Student or Learner
tomorrow i finishes my work at 8:00 pm so i won't be able to go with you
because i'll have been working - for - the all day
because i am going to have been working - for - the all day
so is the grammar here right ?
and is -for- optional in these examples ?
It's correct to say "my work", but, typically, more natural to not say it.
I used "I finish work at 8:00" because the simple present (first form) can be used to talk about things that are scheduled or fixed times. It's possible that the speaker is scheduled to finish work at 8:00.
Here are some other possibilities:
1) "I'm finishing work at 8:00 tomorrow, so I won't be able to go with you."
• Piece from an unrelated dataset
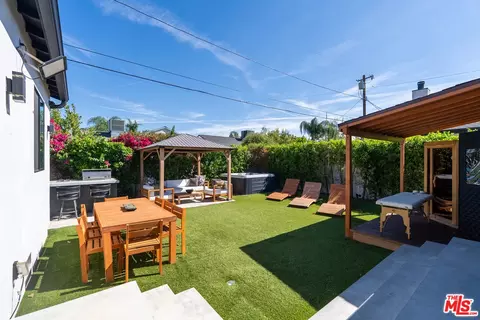 17723 Miranda St, Encino, CA 91316
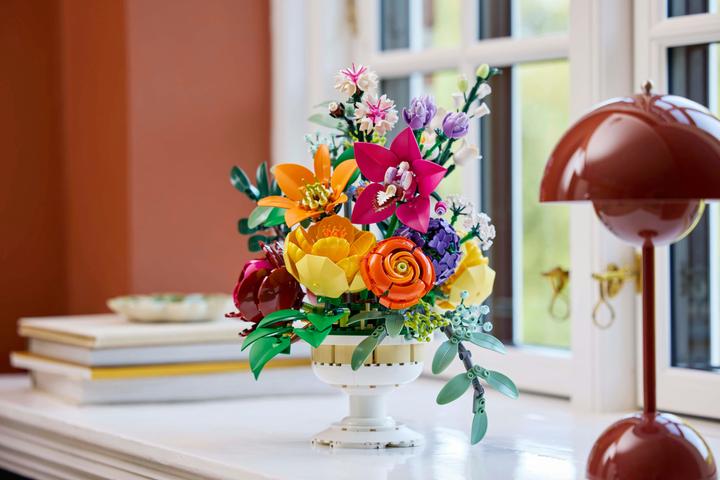 Immagine prodotto LEGO Composizione floreale (10345, LEGO Botanical, Set LEGO rari)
We can use a progressive form (present) for a future activity or event that's planned or arranged.
2) "I'm going to finish work at 8:00 tomorrow, so I won't be able to go with you."
Use "be going to" for a plan - something that is already decided.
3) "I'll be finishing work at 8:00 tomorrow, so I won't be able to go with you."
Use the future progressive in the same way we use the present progressive for a future action. Using the future progressive emphasizes the continuing or ongoing nature of an event or action. It's possible to view "finishing" this way depending on what is required of one to finish. Or maybe the speaker is not 100% sure of the time, so chooses to state as a very, and relatively, short-term action or event. This would be the least likely form to use in this situation, but it is possible, and people do use it in this way.
Tomorrow I'm not going to finish work until 8:00. And by that time I'll have been working for 14 hours, so I won't be able to go with you because I'll be too tired.
I used "I'll be too tired" because the speaker is stating a certain prediction in his or her view.
Saying "I won't be able to go with you" is a certain kind of promise (or maybe a certain prediction) which is another reason to use "will".